Washington, D.C. 20549

______________


FORM 8-K

______________


CURRENT REPORT


Pursuant to Section 13 or 15(d) of the Securities Exchange Act of 1934

Date of Report (Date of earliest event reported): October 26, 2015

______________


DS HEALTHCARE GROUP, INC.

(Exact name of registrant as specified in its charter)

______________


Florida

     

000-53680

     

20-8380461

(State or other jurisdiction
of incorporation)

 

(Commission
File Number)

 

(I.R.S. Employer
Identification No.)

1601 Green Road, Pompano Beach, Florida 33064

 (Address of principal executive offices) (Zip Code)

(888) 404-7770

Registrant’s telephone number, including area code

N/A

(Former name or former address, if changed since last report)

Check the appropriate box below if the Form 8-K filing is intended to simultaneously satisfy the filing obligation of the registrant under any of the following provisions:


¨

 Written communications pursuant to Rule 425 under the Securities Act (17 CFR 230.425)

 

 

¨

 Soliciting material pursuant to Rule 14a-12 under the Exchange Act (17 CFR 240.14a-12)

 

 

¨

 Pre-commencement communications pursuant to Rule 14d-2(b) under the Exchange Act (17 CFR 240.14d-2(b))

 

 

¨

 Pre-commencement communications pursuant to Rule 13e-4(c) under the Exchange Act (17 CFR 240.13e-4(c))


 

 




 



Item 5.02   Departure of Directors or Certain Officers; Election of Directors; Appointment of Certain Officers; Compensatory Arrangements of Certain Officers


On October 26, 2015, the Board of Directors of DS Healthcare Group, Inc. (the “Company”) appointed Renee Barch-Niles (the “Appointee”) as the Chief Executive Officer of the Company.  


Renee Barch-Niles, age 42, is recognized as a global brand, consumer marketing, and retail sales executive in the health, wellness and beauty industry. She is joining DS Healthcare Group to build this innovative organization into a market leading health, wellness and beauty powerhouse focused on technological advanced, consumer-driven personal care solutions.
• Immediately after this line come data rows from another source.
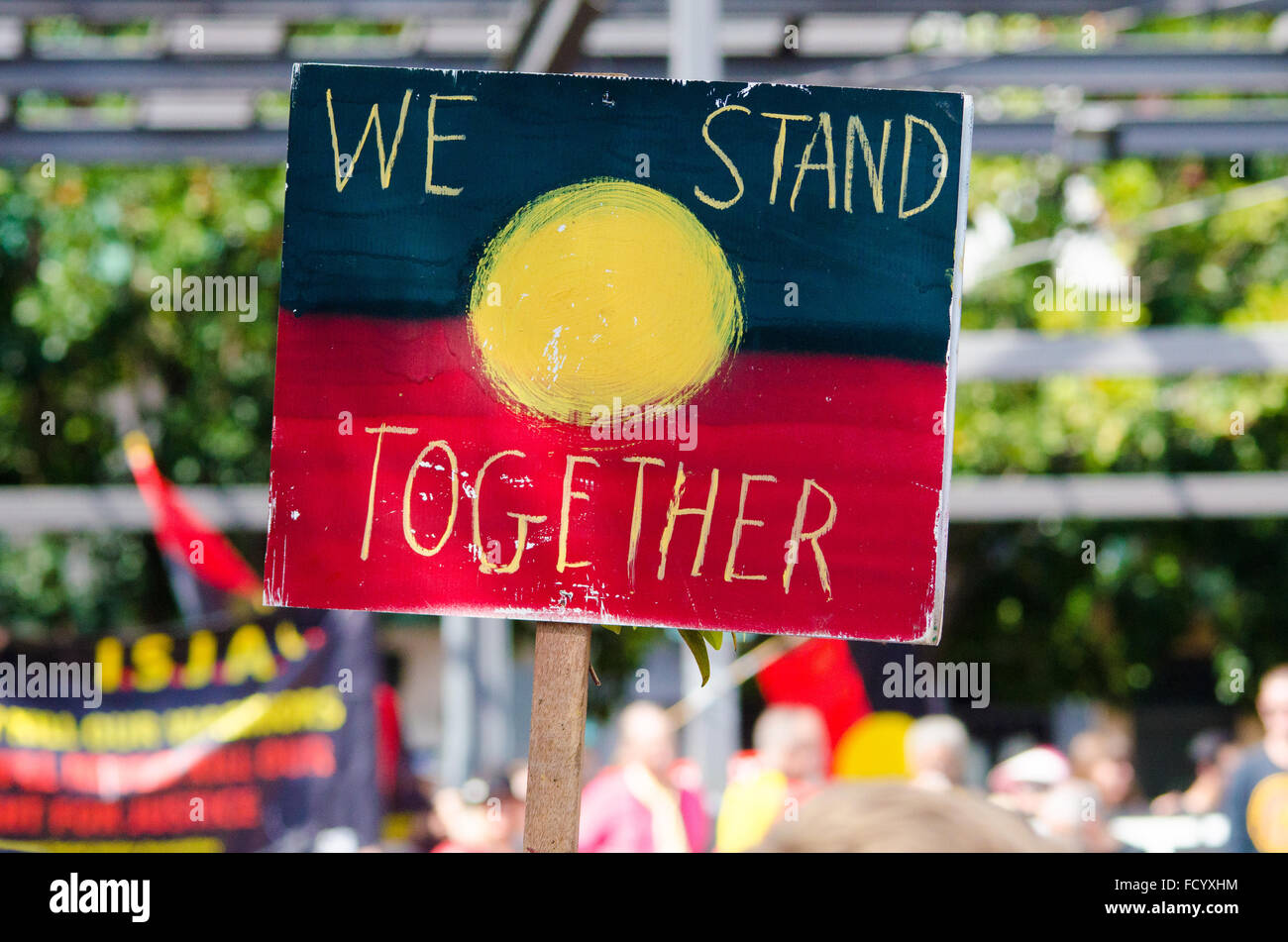 Sydney, Australia. 26th January, 2016. The Sydney Invasion Day March Protest brought together Aboriginal people and supporters voicing their opinions about Aboriginal land / culture. The march started at The Block in Redfern and then moved to Sydney's Town Hall. The date is also celebrated as Australia Day marking the arrival of the First Fleet. Credit:  mjmediabox/Alamy Live News Stock Photo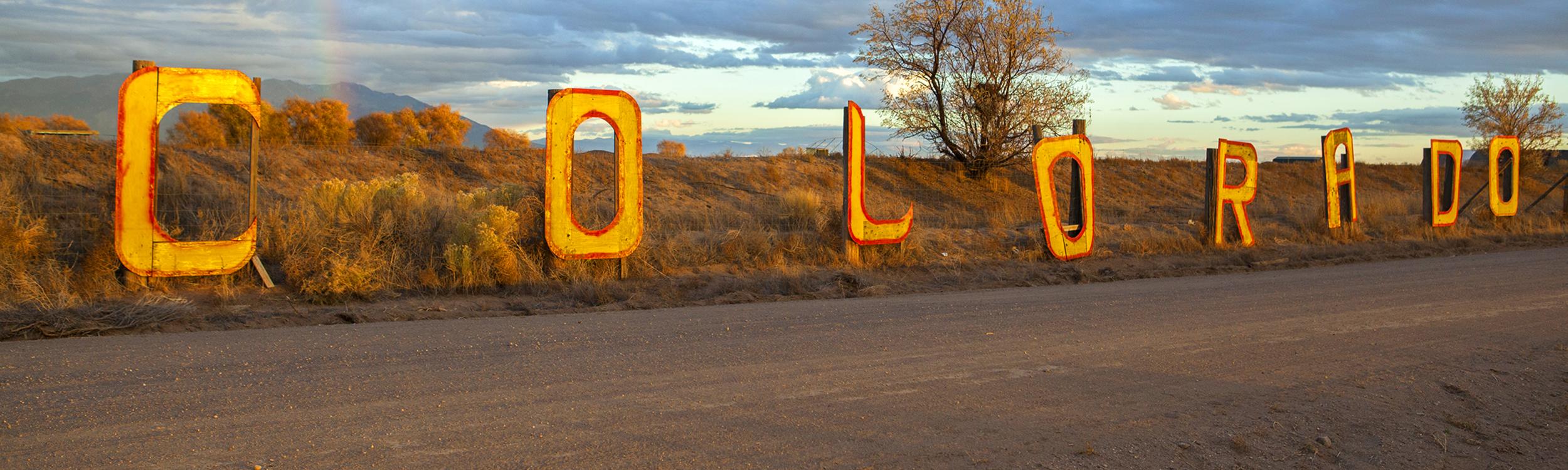 Colorado sign against scenic backdrop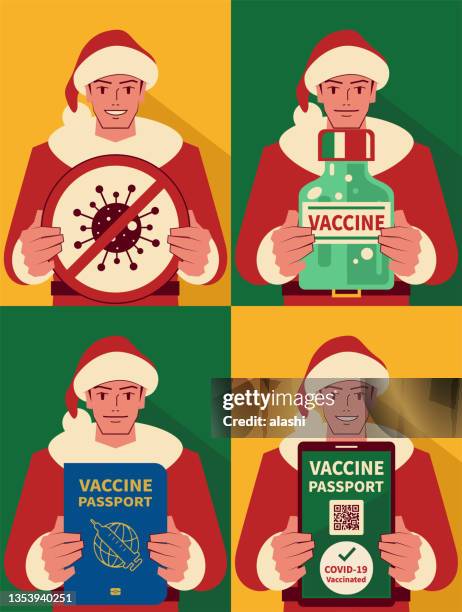 bildbanksillustrationer, clip art samt tecknat material och ikoner med happy handsome young men dressed in a santa claus suit showing the covid-safe christmas concept - corona warn app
A graduate of the Tisch School of Arts at New York University, Barch-Niles is a leader in the retail industry with an exceptional track record of delivering significant business results for fast moving consumer goods companies. She has also been recognized by Progressive Grocer in 2009, 2013 and 2015 as a “Top Woman” in the retail industry due to her unique ability to create high performance teams that consistently generate new business and increased profitability throughout her career.


With over 18 years of experience in CPG and over 12 years focused on the health, beauty and wellness industry, Barch-Niles has proven experience in optimizing revenues, reducing expenditures and implementing business operation strategies that bring profitability to the company shareholders.


Prior to joining the Company, Barch-Niles held the position of President & General Manager of Emilia Personal Care, a global manufacturer, sales, marketing and distribution company specializing in innovative personal care solutions for national brands, private label and custom contract manufacturing. Barch-Niles drove rapid, double-digit percentage growth year-over-year via a focus upon sales, innovative product development, brand creation, marketing, licensing, acquisition of a US based manufacturing plant, and supply-chain and financial optimization for all North American operations. Her expertise in developing business-to-business strategies played an integral role in her success.


Earlier in her career, Barch-Niles held a series of executive management, sales, marketing and strategy positions including corporate Vice President of Global Business Development where she was responsible for a sales portfolio in global food, drug, mass, club, wholesale and specialty channels of over $16 billion in manufacturing sales at Daymon Worldwide, a global leader specializing in the sourcing, sales, import/export and marketing of private brand consumer products. She drove the strategy and advancement of all business development initiatives including private brand business growth focused on category management, innovation, product development, sales, channel expansion and relationship cultivation. She also held the position of Sr. Director of Marketing and Brand Development for GT Entertainment, a leading direct-to-consumer marketing company. There, Renee was responsible for the creation, development, launch and maintenance of new brands from inception to completion, achieving a $50 million dollar beauty and wellness portfolio.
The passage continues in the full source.